Repeat the records in full. No pictures belong in the copy.

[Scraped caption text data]
>>

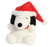 Santa Snoopy Palm Pal (5 Inches)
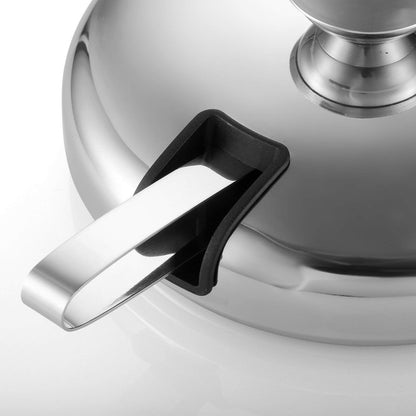 Fortune Candy Party Cooler 2.8L Double-Wall Vacuum Insulated Ice Bucket with Lid, Keep Ice Frozen Longer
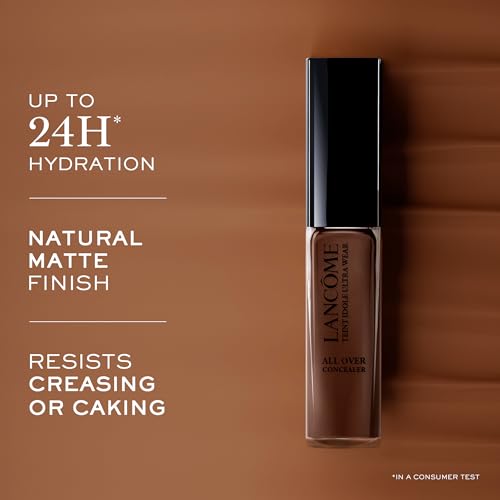 Lanc?me Teint Idole Ultra Wear All Over Full Coverage Concealer - Natural Matte Finish & Lightweight Under Eye Concealer - Up To 24H Wear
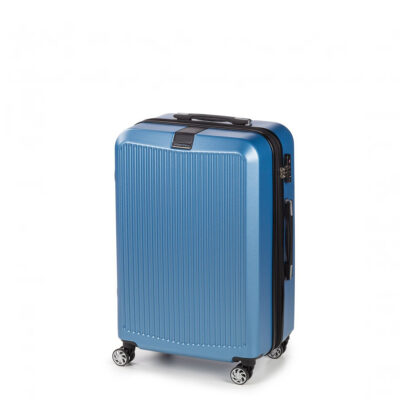 Чемодан Carbon Series, 60 л, синий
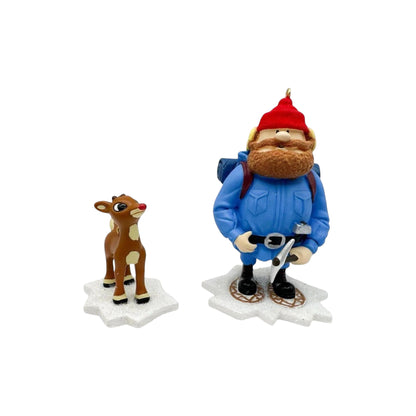2007 Yukon Cornelius and Rudolph (Rudolph the Red-Nosed Reindeer)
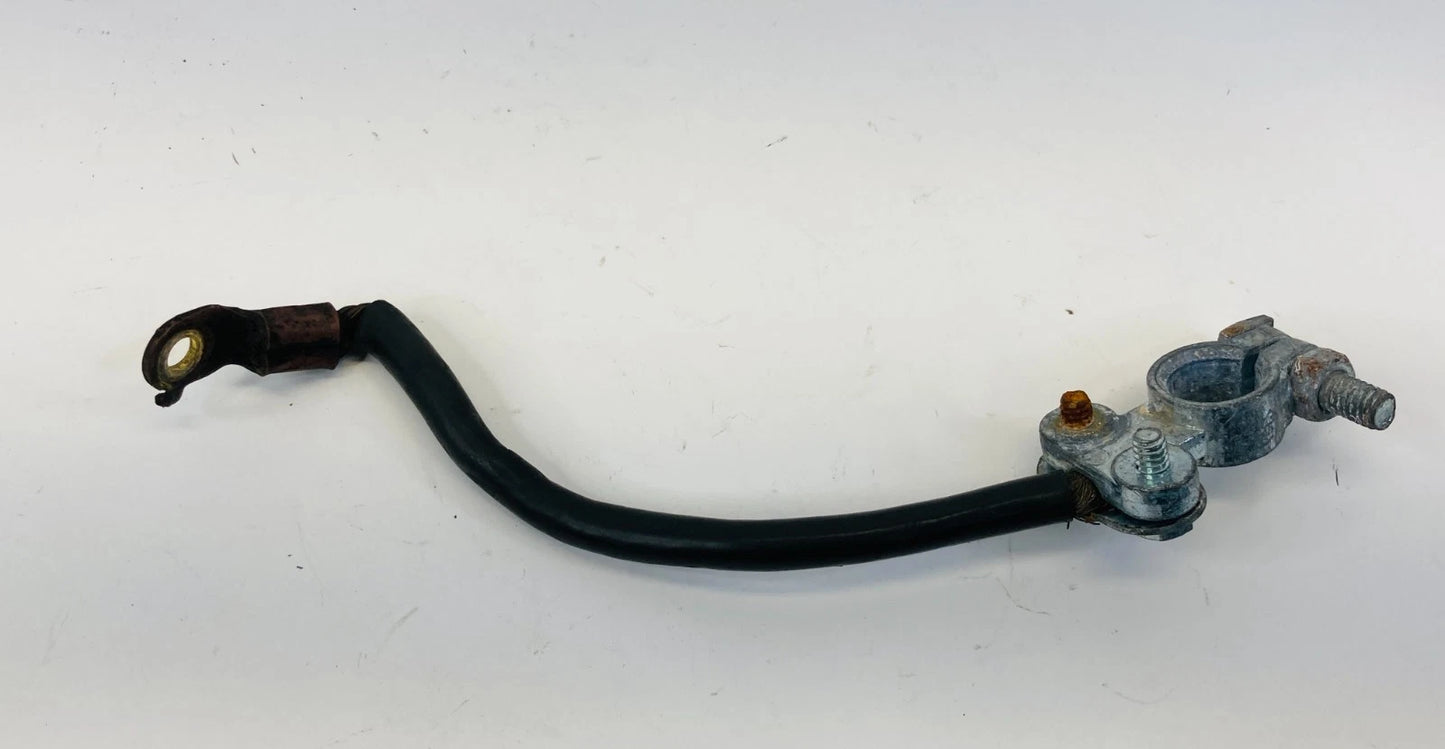 2008-2012 Honda Accord 2.4L A/T Battery Negative Cable w Terminal OEM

<<

- Answer to this task:
 Santa Snoopy Palm Pal (5 Inches)
 Fortune Candy Party Cooler 2.8L Double-Wall Vacuum Insulated Ice Bucket with Lid, Keep Ice Frozen Longer
 Lanc?me Teint Idole Ultra Wear All Over Full Coverage Concealer - Natural Matte Finish & Lightweight Under Eye Concealer - Up To 24H Wear
 Чемодан Carbon Series, 60 л, синий
2007 Yukon Cornelius and Rudolph (Rudolph the Red-Nosed Reindeer)
 2008-2012 Honda Accord 2.4L A/T Battery Negative Cable w Terminal OEM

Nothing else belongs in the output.